Cette leçon est essentielle pour comprendre les suivantes, car tous les concepts de base de la statistique inférentielle y sont expliqués.

2. Mesurer ou décrire ?

2.2. Décrire pour chercher des faits généraux

L'application du critère de l'objectivité des descriptions a une conséquence constitutive : la description littéraire d'un être psychologique n'est pas une description scientifique parce qu'elle n'est pas objective. Prenons par exemple la description d'Emma Bovary par Flaubert : eh bien la psychologie scientifique doit s'en passer, malgré sa richesse, sa profondeur, bref, malgré la merveilleuse véridicité à laquelle elle nous permet d'accéder.

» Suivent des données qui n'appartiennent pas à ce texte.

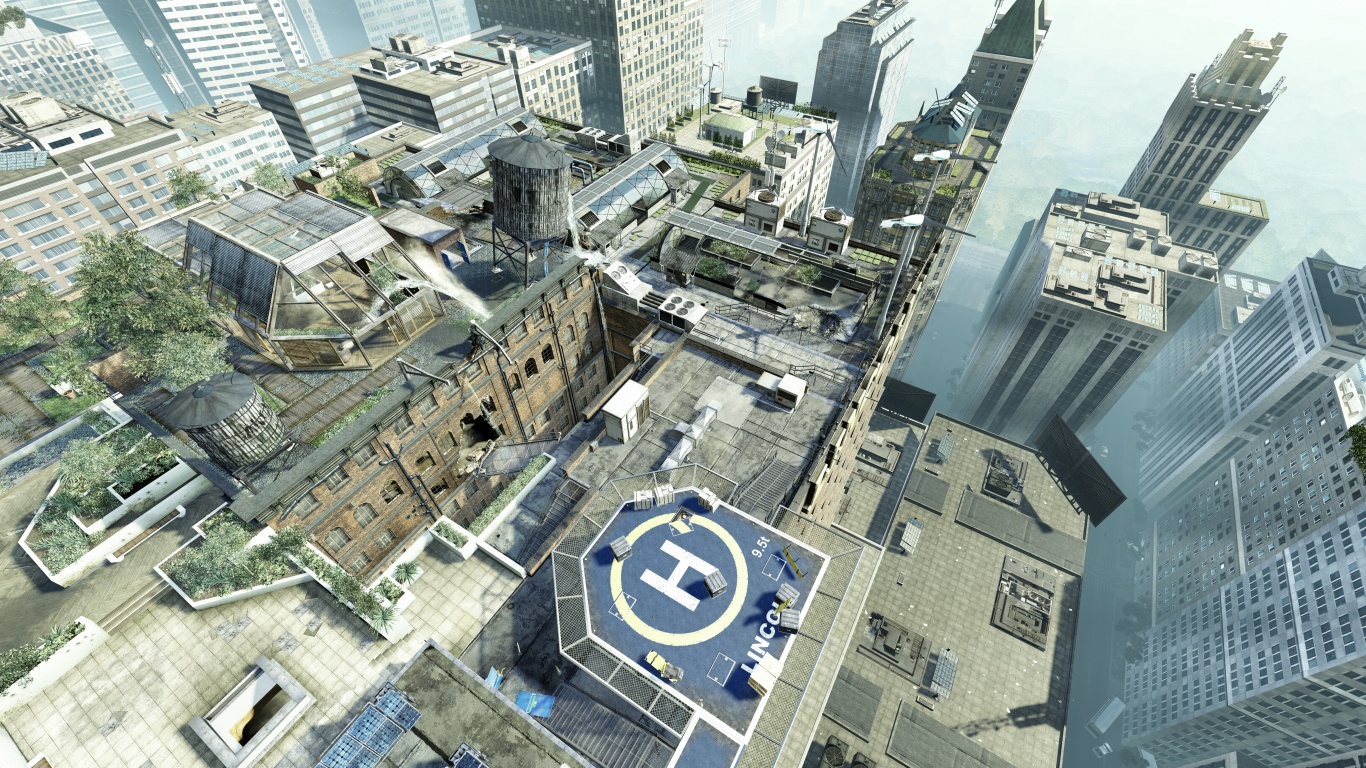 Вид сверху на карту уровня из Crysis 2 обои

La description littéraire n'entre pas dans le projet de la connaissance scientifique parce que ce qui est visé est une connaissance générale des êtres psychologiques (cf. l'article Les étapes de la recherche scientifique). Plus précisément, il s'agit de dégager de l'infinie variation des cas particuliers des phénomènes généraux, autrement dit des lois empiriques.

Une loi empirique repose sur une structure descriptive simple : d'un côté, on décrit les êtres psychologiques d'après un ensemble d'états initiaux possibles (actualisés ou non actualisés), et un ensemble d'états dont l'actualisation dépend par hypothèse de celle des premiers. Par exemple, on demande à un adulte quelconque de lire à voix haute une liste de 20 mots et, dès qu'il a terminé, de dire quels sont les mots dont il se souvient. Par construction, l'état initial de cet adulte est "a lu les 20 mots" (par opposition a "n'a pas lu les 20 mots"). L'état "final" est "a rappelé les 20 mots" ou "n'a pas rappelé les 20 mots". La loi empirique peut se formuler de la manière suivante :

Quel que soit un adulte, s'il a lu les 20 mots il ne rappellera pas les 20 mots (sans aide extérieure).

BIen entendu, cette loi peut être fausse. Toutes les lois empiriques peuvent être fausses. Des observations générales analogues conduisent à l'idée que la mémoire immédiate est limitée, d'où la recherche d'explications. Autrement dit, la description scientifique n'a pas de finalité artistique. C'est une description orientée par la recherche de faits généraux, qui deviendront ensuite des faits à expliquer, qui conduiront peut-être à de nouvelles observations tirant leur sens de ces tentatives d'explication.

Lorsqu'un fait général est corroboré de nombreuses fois, on finit par s'y habituer. Par exemple, vous vous tenez debout et vous lâchez par inadvertance votre tasse de café fumant. Votre tasse se tient bien tranquillement dans la position spatiale où vous l'avez lâchée, alors que l'habitude vient de vous faire sauter en arrière pour éviter les éclaboussures. Un physicien qui montre qu'il est possible de lâcher son café dans ces conditions aura sans doute beaucoup de facilité à trouver un poste, parce qu'il vient de découvrir que la gravité n'est pas aussi générale que ce qu'on croyait. Il aura découvert des conditions pour lesquelles cette loi ne s'applique pas. En psychologie, les descriptions objectives sont en principe intéressantes si elles falsifient des faits généraux bien admis. Par exemple, le psychologue qui parvient à former n'importe quel adulte à se rappeler les 20 mots de la liste se trouverait dans des conditions analogues à celles de notre physicien pour obtenir un poste ou des financements. (Un de nos collègues a récemment attiré notre attention sur l'hypermnésie : il paraît qu'il existe des gens capables de se rappeler une liste de 20 mots dans les conditions expérimentales que nous avons décrites plus haut : comment font-ils ?)

Il faut décrire objectivement pour qu'il soit possible de découvrir ou d'énoncer des faits généraux. Il faut des faits généraux pour qu'il soit possible de découvrir ou d'énoncer des faits singuliers qui les dénoncent, et qui stimuleront la recherche d'explications, c'est-à-dire la recherche des conditions spéciales qui autorisent ce que la loi interdit -- la loi étant la généralisation du fait général, notamment au futur.